Sin embargo, la cifra de fallecidos podría aumentar debido a que el Servicio de Emergencia ucraniano indicó que al menos 42 civiles más se encuentran desaparecidos.

Las imágenes difundidas por los medios locales mostraron un coche de un bebé volcado en el pavimento, con un cuerpo cubierto a su lado, así como los restos de autos quemados y escombros humeantes que yacían en la calle.

Aunque los misiles impactaron contra un edificio de oficinas, también dañaron varias edificaciones residenciales cercanas y causaron un incendio que se propagó a decenas de autos en un estacionamiento.

El presidente Volodímir Zelenski calificó lo ocurrido como un “acto de terrorismo” por parte de las tropas de Moscú, al señalar que fue una agresión deliberada contra civiles en lugares sin valor militar.

“Todos los días Rusia está destruyendo a la población civil, matando a niños ucranianos, dirigiendo misiles a objetivos civiles, donde no hay objetivos militares. ¿Qué es sino un acto abierto de terrorismo?”, destacó Zelenski en un mesaje difundido en Telegram.

Rusia no ha confirmado oficialmente la nueva agresión. No obstante, la directora de 'RT', la cadena de televisión rusa controlada por el Kremlin, Margarita Simonyan, aseguró que oficiales militares de su país le informaron que un edificio en Vinnytsia fue atacado debido a que albergaba "nazis" ucranianos.

La viceministra de Defensa de Ucrania, Hanna Malyar, en una sesión informativa en Kiev, describió el ataque como "una prueba más de genocidio" y el ministro de Relaciones Exteriores, Dmytro Kuleba, acusó a Moscú de cometer "otro crimen de guerra".
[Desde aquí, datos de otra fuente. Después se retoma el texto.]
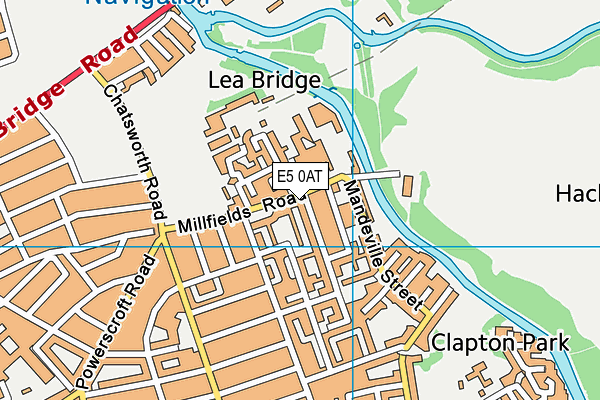 E5 0AT map - OS VectorMap District (Ordnance Survey)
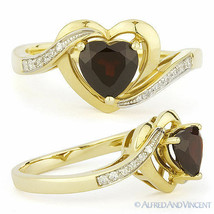1.35ct Heart Shape Garnet Gemstone &amp; Diamond Right-Hand Ring in 14k Yellow Gold - £381.61 GBP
Desde que el presidente Vladimir Putin lanzó la guerra contra su exaliado en la desaparecida Unión Soviética, el Kremlin ha justificado sus acciones al afirmar que busca “desmilitarizar” y “desnazificar” a Ucrania. Al mismo tiempo niega atacar a civiles, aunque los informes de sobrevivientes, organizaciones de derechos humanos como la ONU y Amnistía Internacional relatan lo contrario. Kiev y sus aliados ratifican que se trata de un conflicto no provocado.

El asalto en Vinnytsia se registró un día después de que el Ejército ucraniano afirmara que 13 militares rusos, 12 oficiales y un general, murieron en un ataque con cohetes ucranianos, el cual tuvo como objetivo un puesto de comando estratégico en el aeropuerto de Chornobaivka, ocupado por las tropas rusas, cerca de la ciudad portuaria de Jerson, en el sur de Ucrania.

45 países se comprometen a reunir pruebas de “crímenes de guerra” por parte de Rusia

El ataque en Vinnytsia ocurrió en momentos en que funcionarios gubernamentales de 45 países se reunían en La Haya, sede de la Corte Penal Internacional (CPI), para discutir la coordinación de investigaciones y enjuiciamientos por posibles crímenes de guerra cometidos por Rusia en Ucrania.

Entre los países que firmaron una declaración de compromiso en esa dirección se encuentran Estados Unidos, Reino Unido, Canadá, México, Australia y Países Bajos.

Los pasos que tomarán incluyen crear un grupo paraguas para evitar la duplicación de investigaciones, capacitar a los fiscales ucranianos y expandir el número de equipos forenses que operan en Ucrania.

Asimismo, las naciones firmantes prometieron 20 millones de euros para ayudar en las indagaciones la CPI, así como a la oficina del fiscal general en Ucrania y los esfuerzos de apoyo de las Naciones Unidas.

El ministro neerlandés de Relaciones Exteriores, Wopke Hoekstra, sostuvo que los distintos gobiernos están impactados con las imágenes de "civiles inocentes asesinados con las manos atadas a la espalda, mujeres y hombres violados y, a veces, miembros de la familia obligados a mirar eso".

Además, Hoekstra indicó que su país consideraría establecer un tribunal internacional de crímenes de guerra en Ucrania, en parte porque ni Kiev ni Moscú son miembros de la CPI.

"Tenemos que llenar un vacío y la CPI aquí no tiene las jurisdicciones, así que puedo imaginar que sí consideraremos crear un tribunal de este tipo”, dijo.

Desde el inicio de la invasión, las fuerzas rusas han bombardeado ciudades ucranianas hasta dejarlas en ruinas y han dejado cadáveres en las calles de los pueblos y aldeas que ocupaban. Ucrania sostiene que miles de civiles han muerto. Moscú niega su responsabilidad.

Alrededor de 23.000 investigaciones por posibles crímenes de guerra están abiertas.